Game Check will prompt hunters to answer a few simple questions during deer season: county of harvest, whether it is a buck or unantlered deer, and whether the harvest occurred on public or private land. The process only takes a few minutes. After completing entry of the harvest data, hunters will receive a confirmation code. That code then can be entered in the corresponding blank on their harvest record, which must be in their possession while hunting.


For several years now, the “Note It Before You Tote It” regulation has been in place, requiring hunters to record their buck and turkey harvests before the animal is moved.


“With the Game Check app, it takes me less than three minutes to report my kill,” Sykes said. “I would encourage everybody to report their harvests on the computer or Smartphone app. We get more accurate information that way. When you’re talking to that computer on the phone, there are more opportunities for errors. The app is by far the easiest way to go.


“The hardest thing about the whole process is entering your license number. Other than that, everybody knows whether it’s a buck or doe, whether you’re on public or private land, and which county you’re in. That’s it.”


Because the deer season in the north zone will end on Jan. 31, the WFF’s Enforcement Section will have the flexibility to make staffing changes for the February season.


“With the north zone’s season being out, things will simmer down up there before it does in the south zone. We will have the opportunity to ship some personnel to hot spots across the state,” said Kevin Dodd, WFF’s Chief of Enforcement. “For those areas that are snowed under with night hunting or deer-hunting complaints, we’ll be able to shift some extra personnel and respond to those complaints. And it will free the local officer to respond to other complaints.

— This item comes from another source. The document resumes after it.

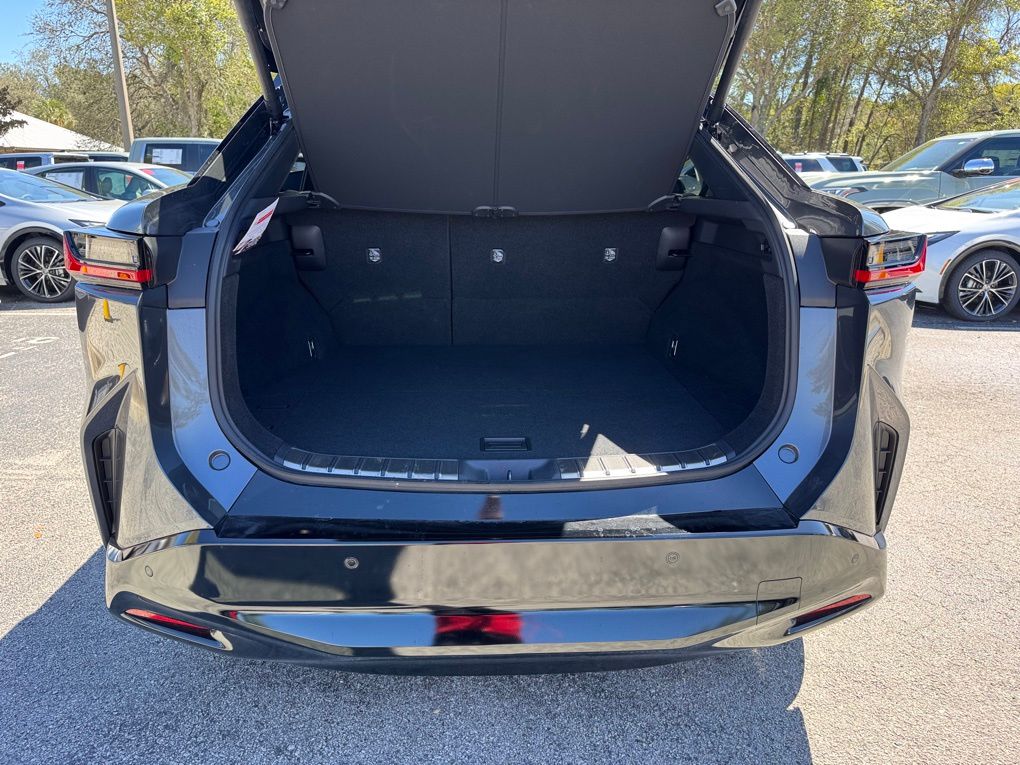 Used 2024 Lexus RZ SUV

“We’ve never had this opportunity before because we have never had this kind of deer season before. We’re not saying where the officers are coming from or where we’re sending them, but that’s the general concept.”


Although officers will respond to complaints, Dodd said there will be an increased effort to check for proper licensing during the February season.


“We’ve been trying to focus on routine license checks for the last couple of years,” he said. “Hunting without a license is still a huge violation problem. We look at it as Alabama residents being robbed by people hunting without a license.”

David Rainer works for the Alabama Department of Conservation and Natural Resources.